The explosion starting in the mid-1970s was unprecedented in American history or world experience. And it came out of the blue. In one of the worst-timed articles in criminology, Alfred Blumstein, one of the nation’s most prominent criminologists, wrote in 1979 that:The existence of such a stable imprisonment rate suggests that, as a nation’s prison population begins to fluctuate, pressure is generated to restore the prison population to that stable rate.
Not exactly. Today, the US is home to about 5% of the world’s prisoners population, but nearly 25% of its prisoners. Our prison-and-jail incarceration rate* of 756 (in 2011) is the highest in the world. The countries filling out the top ten (in descending order) are Russia, Cuba, Belarus, Belize, Georgia (the country—the state has a higher rate), Kazakhstan, Suriname, South Africa, Botswana, Israel, Ukraine, and Chile; Russia’s rate of 629** putting it in the number 2 slot. If we are known by the company we keep, we should be worried. European countries outside of the former Warsaw Bloc states all have incarceration rates in the 100s, as does China (and Saudi Arabia).

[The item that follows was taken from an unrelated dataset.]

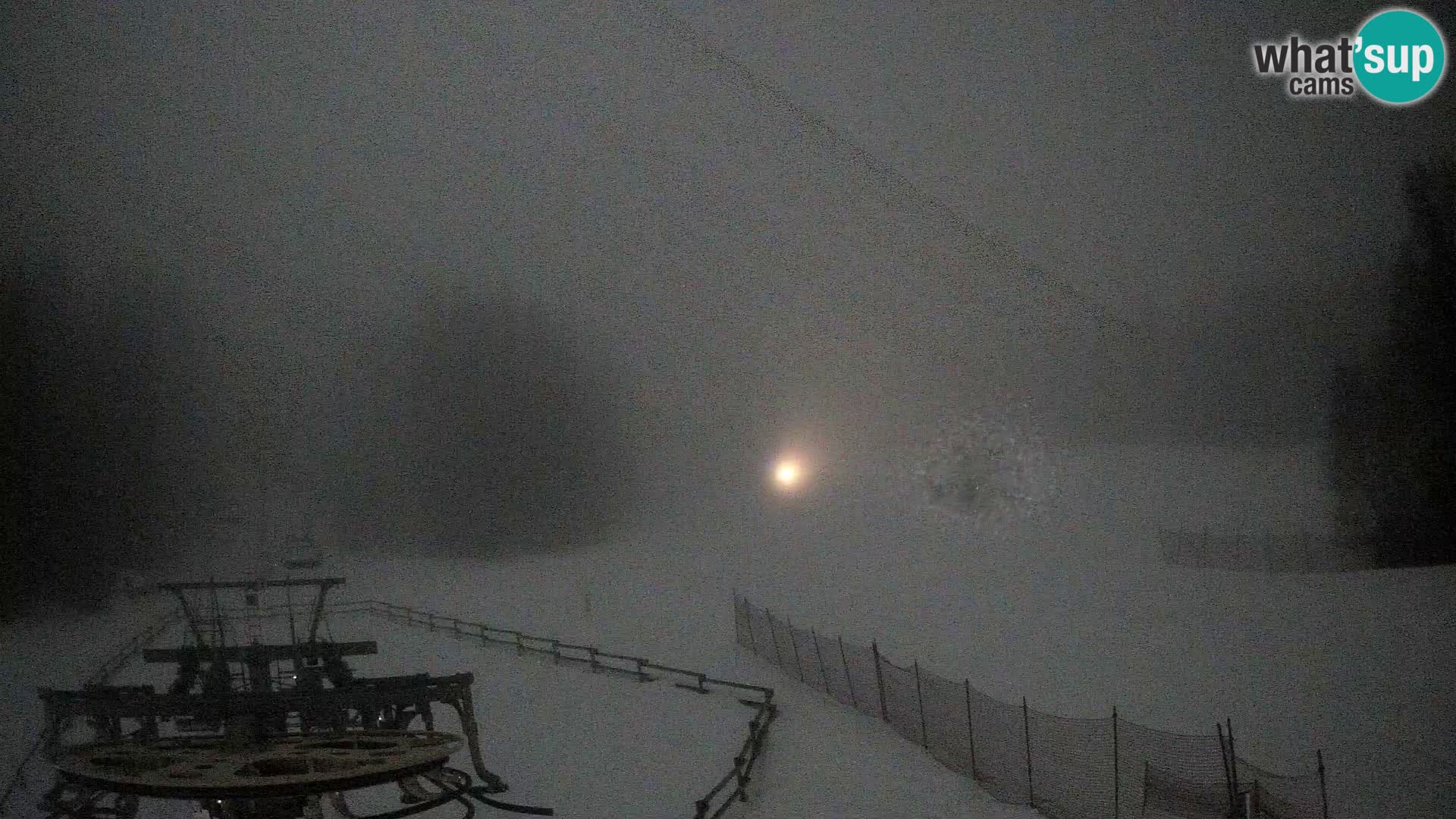 Web kamera Pohorje Ruška | Donja Stanica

Like all zombie ideas, the claim linking the War on Drugs to this explosion has some facial plausibility. The surge in incarceration and the War on Drugs started around the same time (if you use the Reagan Administration, not the Nixon one, as the starting point for the War on Drugs). And between 1980 and 2009, the number of prisoners incarcerated on drug offenses rose by approximately 1,175%!But like with all zombies, cracks in the argument become quickly apparent. Take the 1,175% number. In 1980, there were 19,000 drug inmates in state prison, a number which soared to 242,200 in 2009. And yes, that means there are more people in prison today for drug crimes than were in prison in 1972 for all crimes (around 200,000).
But in 2009, there were over 1.36 million people in state prison. And 242,200 is only 17.7% of 1.36M. So a lot of non-drug offenders were added to prison during those years, too—a lot more, in fact, than drug offenders.
Adding in the federal system—which is much more heavily focused on drug offenders, who comprise nearly 50% of its inmates—does not change the analysis much. Including the federal numbers, 337,405 prisoners out of 1.52 million, or 22.2% of all prisoners, were serving time for drug offenses.
Consider the following thought experiment. What would US prison populations in 2009 look like if in 1980 we released all 23,900 prisoners serving time for drug offenses (the 19,000 state prisoners plus 4,900 federal drug inmates) and proceeded to admit no prisoners for drug crimes in the subsequent years? Instead of rising 3.8-fold, it would have risen 3-fold. A difference, but not an enormous one. (I’ll show my work for these numbers shortly in a future post.)
In other words, we would have had our unprecedentedly vertiginous prison population even without the increase in drug incarcerations. Liberate all drug offenders from our prisons and jails, and our global rank would, at best, drop all the way to... number 2. Maybe number 3. Slightly less punitive than Russia, maybe Cuba.
So a simple look at just a handful of easy-to-find numbers—the total number of prisoners, the total number of drug offenders—and the blame-the-war-on-drugs claim already starts to fall apart. There simply are not enough drug offenders in prison for them to be doing much heavy lifting.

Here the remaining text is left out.